As we head up the A4, towards Cadiz, we find the road closed. Everything has to divert off the motorway. Handy with a caravan! However, it transpired that it was a random alcohol check. As we approached the check point, we could see the look in the policeman’s eyes as he tried to remember the words for “blow”, “into” and “tube”, He obviously failed because he waved us straight through – and back onto the autopista. Phew! Not that we had been drinking champagne at breakfast time! Of course we hadn’t!
About 150 km east, we arrive at Olvera. The town is on one hill and our campsite is conveniently placed on the top of the next hill. The rain forecast for 3pm, arrived at 4pm. By then, we were all set up with a magnificent view…
We decided to try the restaurant attached to the site. Big mistake. The place has great reviews but was sadly lacking in both ambience and culinary excellence! OK, so we are in low season, but we still expect.a decent standard of food for 40€. This is one of the occasions when we regret our almost total lack of Spanish! (Like when you get hijacked, or you need new tyres or a water pump or your fridge fails or you need new gas regulator!)
On Saturday, (not really a good choice of days, but the only guaranteed dry day) we went to visit Ronda. There are two ways to go. The shorter, cross country route via Sentenil and miles of twiddly roads just wide enough on which to pass a goat, or the longer main road which doesn’t actually go through anywhere and where no-one can pass because of continuous white lines! Turn left or right out of the campsite respectively. We chose left.
After negotiating a few goats and several cyclists we paused at the tiny settlement of Torre Alháquime.
We drove up to the top of the village until the roads became too narrow for the car, or just became dead ends or transmogrified into steps. We abandoned the car in the only place big enough and continued with mountaineering kit to the summit, where we had our mandatory coffees con leche. Reversing around several blind corners, we found the tiny square where had had coffees. Locals were setting up some sort of event involving tables, tablecloths and food. After getting a small white van to reverse out of our way and some of the tables dismantled and pushed aside, we squeezed out! Just! As Glenda said, we should have parked at the bottom and walked up. But that wouldn’t have been any fun!
Back on the road, we were joined by a peloton of cyclists. Their uniform identified them as the Sentenil Road Racing Team. Worryingly, they were passing us on the uphill stretches, not just the downhill bits!
Sentenil de las Bodegas, as it is known locally, is “famous” for its whitewashed houses built into the surrounding cliffs.
Sadly, that’s not my photograph. The town was a traffic jam with coach-loads of weekend tourists. The only things moving were the cycling team weaving their way around coaches and cars! Well, obviously, that’s not strictly true because we escaped by back roads towards Ronda. But there was no parking for miles. Apparently, the town’s hilltop castle was once an Arab fortress. So it sounds like a good place to visit – on a weekday!

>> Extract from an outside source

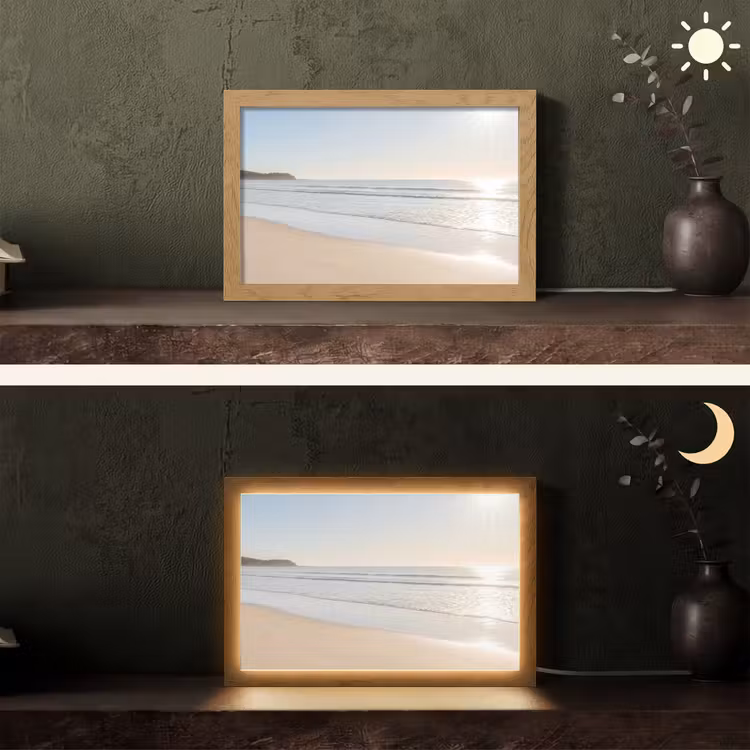 Zee - Zon - Zand Light Box met kabel (Tafellamp) klein -sfeer3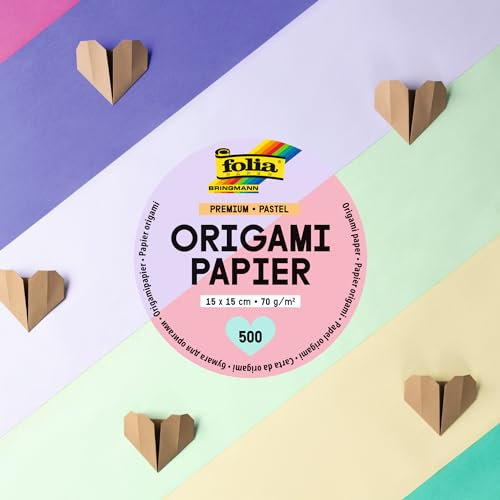 folia 89965 - Premium Faltblätter 70g/m², PASTELL, 15 x 15 cm, 500 Blatt in 10 verschiedenen Farben, zum Basteln, Verzieren und Dekorieren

And so, into Ronda. Parking on the outskirts, we walked a mile on the Avenida Malaga directly into the central shopping zone. There seemed to me to be a lot of shoe shops and little boutiques but Glenda came out unladen. We found the Puente Nuevo (“New” Bridge) just where it was last time we visited the city.

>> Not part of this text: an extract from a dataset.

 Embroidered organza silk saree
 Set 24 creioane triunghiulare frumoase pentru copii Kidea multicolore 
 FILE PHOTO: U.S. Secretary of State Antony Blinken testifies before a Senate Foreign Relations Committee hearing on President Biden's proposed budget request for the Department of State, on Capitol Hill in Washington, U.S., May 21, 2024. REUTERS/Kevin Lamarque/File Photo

It’s the newest and largest of three bridges that spanned the 120-metre-deep chasm that carries the Guadalevín River and divides the city of Ronda. But everything is relative! It was completed in 1793. So it’s not really very nuevo!
Drinks on the small terrace of the parador right beside the bridge; serenaded by a guitarist. All very romantic!
Actually, I don’t think he was playing just for us, but he was very accomplished. There is a lovely walkway that has been constructed on and, in places, over the edge of the cliffs. This gives a superb view over the surrounding countryside. But best for non sufferers of vertigo!
There were several peregrine falcons wheeling and swooping along the cliff edge. Very acrobatic! Other wildlife around seemed a little more intimidating…
Time for home, by the main roads – when we eventually work out what the road we want has been renumbered as. Maybe we should invest in a map printed this century!
More from Olvera to follow.
Ronda looks beautiful. The last time I said that, I got a backhander from Marie – well, I was referring to her best friend, in tones that were a tad too enthusiastic.
You visit very beautiful places.
When I go to Ronda I will certainly give the
” a lovely walkway that has been constructed on and, in places, over the edge of the cliffs. This gives a superb view over the surrounding countryside.” a WIDE berth.